Crew resource management isn’t something to overlook, especially during flight
Not many pilots know the terror of bouncing down the runway, trying desperately to regain control before the unthinkable happens. In this situation, the unlucky pilots know the gut-wrenching feeling of being along for the ride. I know because I’m one of them. But I also know the potential that crew resource management has in preventing aviation accidents and incidents. I wonder if it could have saved Dale Earnhardt’s Citation.
The Earnhardt accident’s final report was just published, and the NTSB found decisions made by the crew to be the probable cause of the 2019 crash. “Crew” is the operative word. According to the report, the Citation 680 landed too fast, bounced, and touched down a total of 4 times before the main right gear collapsed. Following the collapse, the jet exited the runway, sliding through a ditch and hitting a fence before finally stopping 600 feet from the runway threshold.
Here are the details:
- Aircraft touched down 18 kts above Vref
- Pilot did not extend the aircraft speed brakes on touchdown
- Pilot did deploy thrust reversers
- A go-around was attempted on the third bounce, but thrust reversers were not stowed
- Electronic engine controls prevented increase in thrust because of reverser position
Now, read the NTSB determination’s exact wording through a crew resource management lens and see if you think this accident was preventable. The Board determined that the accident was the result of “the pilot’s continuation of an unstabilized approach despite recognizing associated cues and the flight crew’s decision not to initiate a go-around before touchdown …”. Contributing factors included “the pilot’s failure to deploy the speedbrakes during the initial touchdown … and the pilot’s attempt to go around after deployment of the thrust reversers.”
I see many opportunities for either pilot to pull the plug as this incident developed into an accident. I wasn’t there, but I have been in a very similar situation; I know the incredible danger of trying to salvage a lousy landing or waiting too long to take immediate corrective action to prevent a bad situation from becoming worse. I get it – we’re humans and it’s easy to let our ego get in the way. But look at what the result can be. Fortunately, in this accident nobody was hurt, though the airplane sure was totaled.
Think about this for a minute. what if the non-flying pilot said something about the unstable approach? Isn’t that an automatic go-around per the regs? What if the speed brakes were deployed, as the checklist required? Maybe the brakes would have been more efficient. What if someone would have stopped the go-around attempt after the thrust reversers were deployed (also standard procedure). So many what-if’s.

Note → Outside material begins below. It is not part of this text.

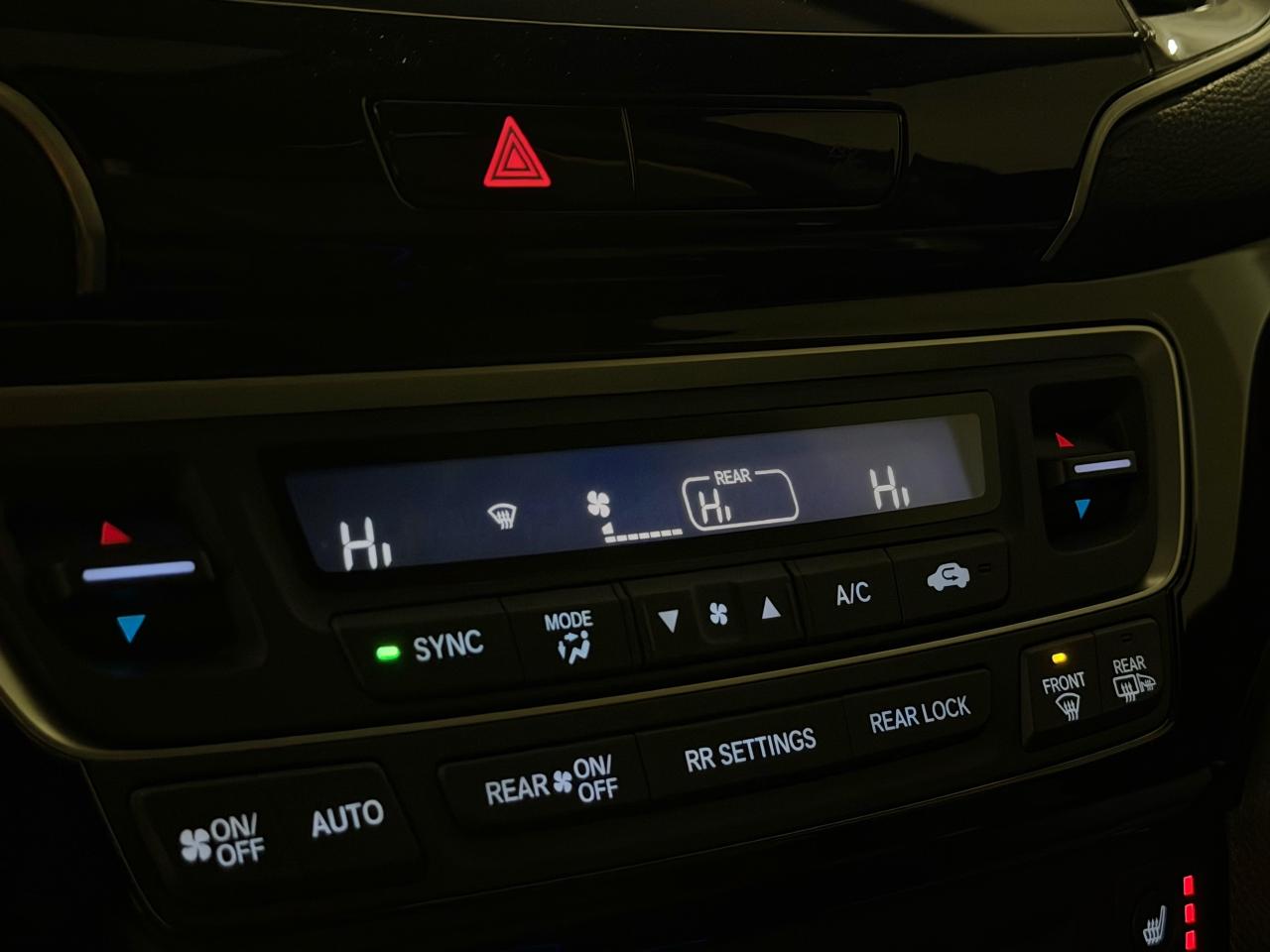 2022 Honda Pilot Touring 8-Passenger AWD Photo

And all of those what-if’s come back around to crew resource management. Simply talking to each other and not being afraid to speak up, even forcefully if needed, and stopping a situation from escalating to a potential disaster. That’s why there are two crew members aboard. And that’s why the NTSB blamed the accident on the decisions of the pilot AND co-pilot. We need to use the input from BOTH crewmembers to ensure the safe outcome of every flight. It’s a whole lot easier that way.